It seems more appropriate to view all of these Goddess images as aspects of the one Great Goddess with her core functions-life-giving, death-wielding, regeneration, and renewal. The obvious analogy would be to Nature itself; through the multiplicity of phenomena and continuing cycles of which it is made, one recognizes the fundamental and underlying unity of Nature. The Goddess is immanent rather than transcendent and therefore physically manifest.”
Marija Gimbutas, The Language of the Goddess
“My archeological research does not confirm the hypothetical existence of the primordial parents and their division into the Great Father and great Mother figures or the further division of the Great Mother figure into a Good and a Terrible Mother.

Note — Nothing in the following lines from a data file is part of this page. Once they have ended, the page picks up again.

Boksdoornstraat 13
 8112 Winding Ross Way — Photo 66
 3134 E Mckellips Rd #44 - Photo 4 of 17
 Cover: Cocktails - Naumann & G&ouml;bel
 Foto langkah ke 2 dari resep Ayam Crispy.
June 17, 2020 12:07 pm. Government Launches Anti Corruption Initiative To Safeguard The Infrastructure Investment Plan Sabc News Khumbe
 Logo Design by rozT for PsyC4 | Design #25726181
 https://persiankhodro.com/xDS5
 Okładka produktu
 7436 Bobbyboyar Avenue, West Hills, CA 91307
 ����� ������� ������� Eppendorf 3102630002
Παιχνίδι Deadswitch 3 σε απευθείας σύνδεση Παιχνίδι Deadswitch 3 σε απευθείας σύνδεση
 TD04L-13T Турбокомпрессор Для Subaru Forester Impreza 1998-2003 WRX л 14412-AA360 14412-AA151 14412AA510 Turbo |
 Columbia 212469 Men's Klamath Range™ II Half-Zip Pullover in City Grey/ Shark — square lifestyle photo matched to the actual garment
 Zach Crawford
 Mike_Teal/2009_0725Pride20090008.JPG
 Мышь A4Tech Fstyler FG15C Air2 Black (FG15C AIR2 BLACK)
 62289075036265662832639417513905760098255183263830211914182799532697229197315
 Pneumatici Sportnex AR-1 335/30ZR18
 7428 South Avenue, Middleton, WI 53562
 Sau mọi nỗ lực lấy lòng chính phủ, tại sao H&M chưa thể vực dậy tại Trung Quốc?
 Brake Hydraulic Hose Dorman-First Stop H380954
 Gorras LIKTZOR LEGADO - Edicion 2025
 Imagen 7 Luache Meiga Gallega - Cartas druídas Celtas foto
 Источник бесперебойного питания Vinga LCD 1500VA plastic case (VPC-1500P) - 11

There is no traces of a father figure in any of the Paleolithic periods. The life-creating power seems to have been of the Great Goddess alone. A complete division into a ‘good’ and a ‘terrible’ Mother never occurred: the Life Giver and the Death Wielder are one deity.”
Marija Gimbutas, The Language of the Goddess
“The snake was a symbol of life energy and regeneration, a most benevolent, not an evil, creature. Even the colors had a different meaning than in the Indo-European symbolic system. Black did not mean death or the underworld; it was the color of fertility, the color of damp caves and rich soil, of the womb of the Goddess where life begins. White, on the other hand, was the color of death, of bones — the opposite of the Indo-European system in which both white and yellow are the colors of the shining sky and the sun.”
Marija Gimbutas, The Language of the Goddess
“The main theme of Goddess symbolism is the mystery of birth and death and the renewal of life, not only human but all life on earth and indeed in the whole cosmos. Symbols and images cluster around the parthenogenetic (self-generating) Goddess and her basic functions as Giver of Life, Wielder of Death, and, not less importantly, as Regeneratrix, and around the Earth Mother, the Fertility Goddess young and old, rising and dying with plant life. She was the single source of all life who took her energy from the springs and wells, from the sun, moon and moist earth. This symbolic system represents cyclical, not linear, mythical time. In art this is manifested by the signs of dynamic motion: whirling and twisting spirals, winding and coiling snakes, circles, crescents, horns, sprouting seeds and shoots.”